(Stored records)
· · · · ·

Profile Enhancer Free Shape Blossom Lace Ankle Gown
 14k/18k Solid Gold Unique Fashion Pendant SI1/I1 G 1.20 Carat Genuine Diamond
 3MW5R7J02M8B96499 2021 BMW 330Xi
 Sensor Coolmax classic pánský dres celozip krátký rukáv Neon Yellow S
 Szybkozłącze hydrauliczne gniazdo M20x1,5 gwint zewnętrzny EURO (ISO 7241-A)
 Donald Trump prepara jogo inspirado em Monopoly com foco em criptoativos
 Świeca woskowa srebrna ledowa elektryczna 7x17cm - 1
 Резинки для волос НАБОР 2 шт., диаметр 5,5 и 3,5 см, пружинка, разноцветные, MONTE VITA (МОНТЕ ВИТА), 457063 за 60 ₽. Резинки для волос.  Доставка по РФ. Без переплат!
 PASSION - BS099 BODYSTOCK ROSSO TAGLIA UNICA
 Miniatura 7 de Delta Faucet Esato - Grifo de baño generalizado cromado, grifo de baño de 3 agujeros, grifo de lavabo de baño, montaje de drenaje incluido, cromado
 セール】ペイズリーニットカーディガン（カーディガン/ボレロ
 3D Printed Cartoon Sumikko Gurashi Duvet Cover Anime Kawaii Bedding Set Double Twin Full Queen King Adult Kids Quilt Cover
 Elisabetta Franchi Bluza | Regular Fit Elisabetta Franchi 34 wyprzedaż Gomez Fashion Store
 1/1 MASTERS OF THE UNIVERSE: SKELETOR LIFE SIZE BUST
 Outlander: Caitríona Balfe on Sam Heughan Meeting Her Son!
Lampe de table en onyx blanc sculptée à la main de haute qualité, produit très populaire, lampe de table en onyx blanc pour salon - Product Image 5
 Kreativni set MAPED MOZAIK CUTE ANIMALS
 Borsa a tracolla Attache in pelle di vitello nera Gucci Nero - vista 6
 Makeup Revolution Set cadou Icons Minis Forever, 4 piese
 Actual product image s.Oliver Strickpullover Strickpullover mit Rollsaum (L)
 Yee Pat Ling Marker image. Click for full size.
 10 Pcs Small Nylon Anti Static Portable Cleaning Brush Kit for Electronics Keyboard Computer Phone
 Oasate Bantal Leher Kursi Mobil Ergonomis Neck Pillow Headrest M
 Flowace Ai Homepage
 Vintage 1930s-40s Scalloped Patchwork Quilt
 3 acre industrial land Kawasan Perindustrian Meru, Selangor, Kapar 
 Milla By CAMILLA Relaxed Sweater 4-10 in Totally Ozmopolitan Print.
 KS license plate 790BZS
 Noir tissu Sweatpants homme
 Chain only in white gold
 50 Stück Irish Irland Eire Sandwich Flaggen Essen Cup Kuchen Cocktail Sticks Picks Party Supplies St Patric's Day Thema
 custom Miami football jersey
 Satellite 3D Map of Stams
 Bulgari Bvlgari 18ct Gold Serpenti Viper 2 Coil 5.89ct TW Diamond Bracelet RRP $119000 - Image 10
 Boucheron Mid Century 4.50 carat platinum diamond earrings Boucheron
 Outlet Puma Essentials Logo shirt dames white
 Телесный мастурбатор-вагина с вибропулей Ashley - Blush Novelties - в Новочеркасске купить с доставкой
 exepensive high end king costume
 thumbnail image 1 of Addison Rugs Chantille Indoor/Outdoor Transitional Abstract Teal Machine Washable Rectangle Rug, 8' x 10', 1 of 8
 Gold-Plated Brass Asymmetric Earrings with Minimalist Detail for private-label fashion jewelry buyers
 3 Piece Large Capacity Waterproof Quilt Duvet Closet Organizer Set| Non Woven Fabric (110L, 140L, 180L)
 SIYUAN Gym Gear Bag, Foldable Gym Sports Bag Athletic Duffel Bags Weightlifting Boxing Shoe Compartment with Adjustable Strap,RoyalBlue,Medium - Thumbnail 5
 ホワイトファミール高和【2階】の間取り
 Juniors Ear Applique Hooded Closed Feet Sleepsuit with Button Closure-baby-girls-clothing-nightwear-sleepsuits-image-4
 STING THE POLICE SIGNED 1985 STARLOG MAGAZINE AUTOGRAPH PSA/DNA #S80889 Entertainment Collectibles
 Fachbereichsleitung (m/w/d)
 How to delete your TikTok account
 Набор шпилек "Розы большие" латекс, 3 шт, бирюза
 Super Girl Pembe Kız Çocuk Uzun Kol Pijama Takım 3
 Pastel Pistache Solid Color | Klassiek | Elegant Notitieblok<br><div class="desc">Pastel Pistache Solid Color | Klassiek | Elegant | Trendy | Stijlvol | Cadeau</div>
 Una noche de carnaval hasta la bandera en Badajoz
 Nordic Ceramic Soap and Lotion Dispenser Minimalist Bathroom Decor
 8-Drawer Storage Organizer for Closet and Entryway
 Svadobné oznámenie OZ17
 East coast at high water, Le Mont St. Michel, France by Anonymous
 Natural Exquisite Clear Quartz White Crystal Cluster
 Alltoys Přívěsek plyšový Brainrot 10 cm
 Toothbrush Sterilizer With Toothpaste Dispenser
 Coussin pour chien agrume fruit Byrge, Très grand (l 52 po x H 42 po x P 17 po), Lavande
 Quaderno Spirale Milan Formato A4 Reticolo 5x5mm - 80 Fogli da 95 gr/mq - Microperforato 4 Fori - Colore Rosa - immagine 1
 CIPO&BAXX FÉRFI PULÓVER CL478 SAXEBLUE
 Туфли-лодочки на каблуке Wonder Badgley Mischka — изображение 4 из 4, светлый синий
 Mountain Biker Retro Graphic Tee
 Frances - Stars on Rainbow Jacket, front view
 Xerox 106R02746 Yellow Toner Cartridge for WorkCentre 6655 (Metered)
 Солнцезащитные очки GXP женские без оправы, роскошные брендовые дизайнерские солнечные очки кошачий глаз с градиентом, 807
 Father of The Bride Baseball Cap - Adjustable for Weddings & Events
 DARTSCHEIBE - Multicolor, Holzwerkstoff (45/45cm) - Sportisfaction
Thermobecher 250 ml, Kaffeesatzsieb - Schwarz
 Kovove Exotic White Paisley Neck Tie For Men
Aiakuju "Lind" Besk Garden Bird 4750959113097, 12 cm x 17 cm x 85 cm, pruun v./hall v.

· · · · ·

All of the data must be returned exactly.

# REPLY:
Profile Enhancer Free Shape Blossom Lace Ankle Gown
 14k/18k Solid Gold Unique Fashion Pendant SI1/I1 G 1.20 Carat Genuine Diamond
 3MW5R7J02M8B96499 2021 BMW 330Xi
 Sensor Coolmax classic pánský dres celozip krátký rukáv Neon Yellow S
 Szybkozłącze hydrauliczne gniazdo M20x1,5 gwint zewnętrzny EURO (ISO 7241-A)
 Donald Trump prepara jogo inspirado em Monopoly com foco em criptoativos
 Świeca woskowa srebrna ledowa elektryczna 7x17cm - 1
 Резинки для волос НАБОР 2 шт., диаметр 5,5 и 3,5 см, пружинка, разноцветные, MONTE VITA (МОНТЕ ВИТА), 457063 за 60 ₽. Резинки для волос.  Доставка по РФ. Без переплат!
 PASSION - BS099 BODYSTOCK ROSSO TAGLIA UNICA
 Miniatura 7 de Delta Faucet Esato - Grifo de baño generalizado cromado, grifo de baño de 3 agujeros, grifo de lavabo de baño, montaje de drenaje incluido, cromado
 セール】ペイズリーニットカーディガン（カーディガン/ボレロ
 3D Printed Cartoon Sumikko Gurashi Duvet Cover Anime Kawaii Bedding Set Double Twin Full Queen King Adult Kids Quilt Cover
 Elisabetta Franchi Bluza | Regular Fit Elisabetta Franchi 34 wyprzedaż Gomez Fashion Store
 1/1 MASTERS OF THE UNIVERSE: SKELETOR LIFE SIZE BUST
 Outlander: Caitríona Balfe on Sam Heughan Meeting Her Son!
Lampe de table en onyx blanc sculptée à la main de haute qualité, produit très populaire, lampe de table en onyx blanc pour salon - Product Image 5
 Kreativni set MAPED MOZAIK CUTE ANIMALS
 Borsa a tracolla Attache in pelle di vitello nera Gucci Nero - vista 6
 Makeup Revolution Set cadou Icons Minis Forever, 4 piese
 Actual product image s.Oliver Strickpullover Strickpullover mit Rollsaum (L)
 Yee Pat Ling Marker image. Click for full size.
 10 Pcs Small Nylon Anti Static Portable Cleaning Brush Kit for Electronics Keyboard Computer Phone
 Oasate Bantal Leher Kursi Mobil Ergonomis Neck Pillow Headrest M
 Flowace Ai Homepage
 Vintage 1930s-40s Scalloped Patchwork Quilt
 3 acre industrial land Kawasan Perindustrian Meru, Selangor, Kapar 
 Milla By CAMILLA Relaxed Sweater 4-10 in Totally Ozmopolitan Print.
 KS license plate 790BZS
 Noir tissu Sweatpants homme
 Chain only in white gold
 50 Stück Irish Irland Eire Sandwich Flaggen Essen Cup Kuchen Cocktail Sticks Picks Party Supplies St Patric's Day Thema
 custom Miami football jersey
 Satellite 3D Map of Stams
 Bulgari Bvlgari 18ct Gold Serpenti Viper 2 Coil 5.89ct TW Diamond Bracelet RRP $119000 - Image 10
 Boucheron Mid Century 4.50 carat platinum diamond earrings Boucheron
 Outlet Puma Essentials Logo shirt dames white
 Телесный мастурбатор-вагина с вибропулей Ashley - Blush Novelties - в Новочеркасске купить с доставкой
 exepensive high end king costume
 thumbnail image 1 of Addison Rugs Chantille Indoor/Outdoor Transitional Abstract Teal Machine Washable Rectangle Rug, 8' x 10', 1 of 8
 Gold-Plated Brass Asymmetric Earrings with Minimalist Detail for private-label fashion jewelry buyers
 3 Piece Large Capacity Waterproof Quilt Duvet Closet Organizer Set| Non Woven Fabric (110L, 140L, 180L)
 SIYUAN Gym Gear Bag, Foldable Gym Sports Bag Athletic Duffel Bags Weightlifting Boxing Shoe Compartment with Adjustable Strap,RoyalBlue,Medium - Thumbnail 5
 ホワイトファミール高和【2階】の間取り
 Juniors Ear Applique Hooded Closed Feet Sleepsuit with Button Closure-baby-girls-clothing-nightwear-sleepsuits-image-4
 STING THE POLICE SIGNED 1985 STARLOG MAGAZINE AUTOGRAPH PSA/DNA #S80889 Entertainment Collectibles
 Fachbereichsleitung (m/w/d)
 How to delete your TikTok account
 Набор шпилек "Розы большие" латекс, 3 шт, бирюза
 Super Girl Pembe Kız Çocuk Uzun Kol Pijama Takım 3
 Pastel Pistache Solid Color | Klassiek | Elegant Notitieblok<br><div class="desc">Pastel Pistache Solid Color | Klassiek | Elegant | Trendy | Stijlvol | Cadeau</div>
 Una noche de carnaval hasta la bandera en Badajoz
 Nordic Ceramic Soap and Lotion Dispenser Minimalist Bathroom Decor
 8-Drawer Storage Organizer for Closet and Entryway
 Svadobné oznámenie OZ17
 East coast at high water, Le Mont St. Michel, France by Anonymous
 Natural Exquisite Clear Quartz White Crystal Cluster
 Alltoys Přívěsek plyšový Brainrot 10 cm
 Toothbrush Sterilizer With Toothpaste Dispenser
 Coussin pour chien agrume fruit Byrge, Très grand (l 52 po x H 42 po x P 17 po), Lavande
 Quaderno Spirale Milan Formato A4 Reticolo 5x5mm - 80 Fogli da 95 gr/mq - Microperforato 4 Fori - Colore Rosa - immagine 1
 CIPO&BAXX FÉRFI PULÓVER CL478 SAXEBLUE
 Туфли-лодочки на каблуке Wonder Badgley Mischka — изображение 4 из 4, светлый синий
 Mountain Biker Retro Graphic Tee
 Frances - Stars on Rainbow Jacket, front view
 Xerox 106R02746 Yellow Toner Cartridge for WorkCentre 6655 (Metered)
 Солнцезащитные очки GXP женские без оправы, роскошные брендовые дизайнерские солнечные очки кошачий глаз с градиентом, 807
 Father of The Bride Baseball Cap - Adjustable for Weddings & Events
 DARTSCHEIBE - Multicolor, Holzwerkstoff (45/45cm) - Sportisfaction
Thermobecher 250 ml, Kaffeesatzsieb - Schwarz
 Kovove Exotic White Paisley Neck Tie For Men
Aiakuju "Lind" Besk Garden Bird 4750959113097, 12 cm x 17 cm x 85 cm, pruun v./hall v.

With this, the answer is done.